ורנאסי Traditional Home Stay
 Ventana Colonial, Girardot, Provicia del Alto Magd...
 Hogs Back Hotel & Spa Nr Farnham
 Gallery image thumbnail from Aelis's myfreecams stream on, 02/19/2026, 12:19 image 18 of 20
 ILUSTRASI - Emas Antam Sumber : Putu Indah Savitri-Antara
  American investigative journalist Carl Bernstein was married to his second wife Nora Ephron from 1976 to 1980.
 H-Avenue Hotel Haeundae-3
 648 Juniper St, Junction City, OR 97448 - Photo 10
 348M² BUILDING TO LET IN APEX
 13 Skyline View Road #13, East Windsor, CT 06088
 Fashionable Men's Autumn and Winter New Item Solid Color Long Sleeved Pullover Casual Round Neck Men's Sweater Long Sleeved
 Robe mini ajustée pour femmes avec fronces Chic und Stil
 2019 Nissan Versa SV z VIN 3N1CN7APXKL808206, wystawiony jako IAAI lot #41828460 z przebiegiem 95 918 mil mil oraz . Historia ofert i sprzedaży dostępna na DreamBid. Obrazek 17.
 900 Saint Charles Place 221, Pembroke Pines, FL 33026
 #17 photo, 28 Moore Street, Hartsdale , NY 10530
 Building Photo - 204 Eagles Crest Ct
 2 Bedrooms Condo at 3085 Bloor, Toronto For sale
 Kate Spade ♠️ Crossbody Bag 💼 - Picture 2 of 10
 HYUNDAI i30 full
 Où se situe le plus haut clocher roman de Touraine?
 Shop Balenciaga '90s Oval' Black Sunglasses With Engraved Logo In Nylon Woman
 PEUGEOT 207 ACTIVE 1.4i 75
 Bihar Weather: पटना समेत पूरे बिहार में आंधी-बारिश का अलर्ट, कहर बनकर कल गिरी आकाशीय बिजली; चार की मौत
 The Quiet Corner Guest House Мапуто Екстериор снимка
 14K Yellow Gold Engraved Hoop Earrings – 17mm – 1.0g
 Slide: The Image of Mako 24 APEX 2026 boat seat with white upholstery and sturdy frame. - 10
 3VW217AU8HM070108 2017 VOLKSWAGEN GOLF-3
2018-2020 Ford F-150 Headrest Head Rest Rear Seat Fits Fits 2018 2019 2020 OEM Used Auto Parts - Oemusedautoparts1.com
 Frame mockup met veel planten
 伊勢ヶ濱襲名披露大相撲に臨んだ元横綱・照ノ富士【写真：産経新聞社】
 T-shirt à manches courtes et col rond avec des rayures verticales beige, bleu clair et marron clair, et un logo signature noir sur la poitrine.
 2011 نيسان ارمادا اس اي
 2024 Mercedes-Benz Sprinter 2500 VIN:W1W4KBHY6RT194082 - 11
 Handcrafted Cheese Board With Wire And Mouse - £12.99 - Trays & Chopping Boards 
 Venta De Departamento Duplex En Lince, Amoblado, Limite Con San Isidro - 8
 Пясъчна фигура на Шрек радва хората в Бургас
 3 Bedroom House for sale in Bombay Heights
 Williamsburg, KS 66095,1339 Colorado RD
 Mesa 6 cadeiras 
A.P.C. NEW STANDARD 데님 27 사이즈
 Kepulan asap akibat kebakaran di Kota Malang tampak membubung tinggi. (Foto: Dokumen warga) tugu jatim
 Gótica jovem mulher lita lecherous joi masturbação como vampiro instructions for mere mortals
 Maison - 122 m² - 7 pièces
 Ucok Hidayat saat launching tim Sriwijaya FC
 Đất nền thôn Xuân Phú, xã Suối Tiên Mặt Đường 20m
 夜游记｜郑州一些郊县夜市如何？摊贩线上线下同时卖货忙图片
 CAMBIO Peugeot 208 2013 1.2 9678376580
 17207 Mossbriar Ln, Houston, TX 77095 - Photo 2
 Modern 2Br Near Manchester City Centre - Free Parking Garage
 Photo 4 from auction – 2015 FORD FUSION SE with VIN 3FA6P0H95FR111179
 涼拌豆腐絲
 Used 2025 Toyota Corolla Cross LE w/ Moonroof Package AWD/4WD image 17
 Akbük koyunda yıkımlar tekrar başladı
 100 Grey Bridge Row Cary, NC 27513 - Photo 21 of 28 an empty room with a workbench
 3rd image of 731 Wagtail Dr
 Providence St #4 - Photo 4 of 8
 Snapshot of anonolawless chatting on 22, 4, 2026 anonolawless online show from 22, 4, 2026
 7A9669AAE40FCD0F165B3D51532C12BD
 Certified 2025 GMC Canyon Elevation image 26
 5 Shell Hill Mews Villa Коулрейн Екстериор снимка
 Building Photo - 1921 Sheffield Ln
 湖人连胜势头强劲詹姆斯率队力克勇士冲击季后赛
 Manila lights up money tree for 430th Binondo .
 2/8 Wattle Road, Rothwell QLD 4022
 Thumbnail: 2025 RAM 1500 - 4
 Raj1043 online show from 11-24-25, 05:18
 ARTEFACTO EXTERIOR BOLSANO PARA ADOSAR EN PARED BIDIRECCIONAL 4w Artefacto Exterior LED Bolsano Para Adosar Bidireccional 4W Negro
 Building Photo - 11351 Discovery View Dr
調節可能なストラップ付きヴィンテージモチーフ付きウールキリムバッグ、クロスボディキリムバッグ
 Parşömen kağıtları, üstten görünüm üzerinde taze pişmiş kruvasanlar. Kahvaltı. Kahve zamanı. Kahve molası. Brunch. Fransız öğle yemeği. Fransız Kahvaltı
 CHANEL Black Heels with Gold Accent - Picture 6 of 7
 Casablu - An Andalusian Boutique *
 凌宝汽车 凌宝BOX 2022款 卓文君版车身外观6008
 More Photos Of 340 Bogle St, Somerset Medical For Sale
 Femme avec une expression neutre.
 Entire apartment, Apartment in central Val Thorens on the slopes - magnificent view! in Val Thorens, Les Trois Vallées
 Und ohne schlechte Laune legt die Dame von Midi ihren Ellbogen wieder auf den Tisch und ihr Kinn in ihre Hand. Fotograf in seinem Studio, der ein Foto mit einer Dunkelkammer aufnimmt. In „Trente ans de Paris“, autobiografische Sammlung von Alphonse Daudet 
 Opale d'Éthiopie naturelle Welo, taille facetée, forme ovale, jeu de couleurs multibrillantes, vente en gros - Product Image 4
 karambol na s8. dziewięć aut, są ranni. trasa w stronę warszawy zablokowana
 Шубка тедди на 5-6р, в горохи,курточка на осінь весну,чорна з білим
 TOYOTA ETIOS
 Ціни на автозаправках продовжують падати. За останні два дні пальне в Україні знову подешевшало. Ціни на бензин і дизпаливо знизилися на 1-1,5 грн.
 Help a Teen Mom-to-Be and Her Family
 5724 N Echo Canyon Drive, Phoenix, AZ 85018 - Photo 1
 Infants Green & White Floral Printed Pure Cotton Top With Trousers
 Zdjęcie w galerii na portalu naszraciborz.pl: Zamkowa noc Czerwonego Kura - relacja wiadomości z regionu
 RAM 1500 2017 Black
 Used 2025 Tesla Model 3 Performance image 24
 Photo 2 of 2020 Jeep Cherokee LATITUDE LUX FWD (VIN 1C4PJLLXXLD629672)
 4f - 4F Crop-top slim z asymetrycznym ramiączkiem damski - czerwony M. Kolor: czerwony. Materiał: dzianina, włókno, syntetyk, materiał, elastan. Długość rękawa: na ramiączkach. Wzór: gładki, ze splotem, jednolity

_What you will do:_ Above are the entries. Copy exactly the part that opens with the line containing "Пясъчна фигура на Шрек радва хората в Бургас" and closes with the line containing "湖人连胜势头强劲詹姆斯率队力克勇士冲击季后赛", and no more.

_Response to the exercise:_
 Пясъчна фигура на Шрек радва хората в Бургас
 3 Bedroom House for sale in Bombay Heights
 Williamsburg, KS 66095,1339 Colorado RD
 Mesa 6 cadeiras 
A.P.C. NEW STANDARD 데님 27 사이즈
 Kepulan asap akibat kebakaran di Kota Malang tampak membubung tinggi. (Foto: Dokumen warga) tugu jatim
 Gótica jovem mulher lita lecherous joi masturbação como vampiro instructions for mere mortals
 Maison - 122 m² - 7 pièces
 Ucok Hidayat saat launching tim Sriwijaya FC
 Đất nền thôn Xuân Phú, xã Suối Tiên Mặt Đường 20m
 夜游记｜郑州一些郊县夜市如何？摊贩线上线下同时卖货忙图片
 CAMBIO Peugeot 208 2013 1.2 9678376580
 17207 Mossbriar Ln, Houston, TX 77095 - Photo 2
 Modern 2Br Near Manchester City Centre - Free Parking Garage
 Photo 4 from auction – 2015 FORD FUSION SE with VIN 3FA6P0H95FR111179
 涼拌豆腐絲
 Used 2025 Toyota Corolla Cross LE w/ Moonroof Package AWD/4WD image 17
 Akbük koyunda yıkımlar tekrar başladı
 100 Grey Bridge Row Cary, NC 27513 - Photo 21 of 28 an empty room with a workbench
 3rd image of 731 Wagtail Dr
 Providence St #4 - Photo 4 of 8
 Snapshot of anonolawless chatting on 22, 4, 2026 anonolawless online show from 22, 4, 2026
 7A9669AAE40FCD0F165B3D51532C12BD
 Certified 2025 GMC Canyon Elevation image 26
 5 Shell Hill Mews Villa Коулрейн Екстериор снимка
 Building Photo - 1921 Sheffield Ln
 湖人连胜势头强劲詹姆斯率队力克勇士冲击季后赛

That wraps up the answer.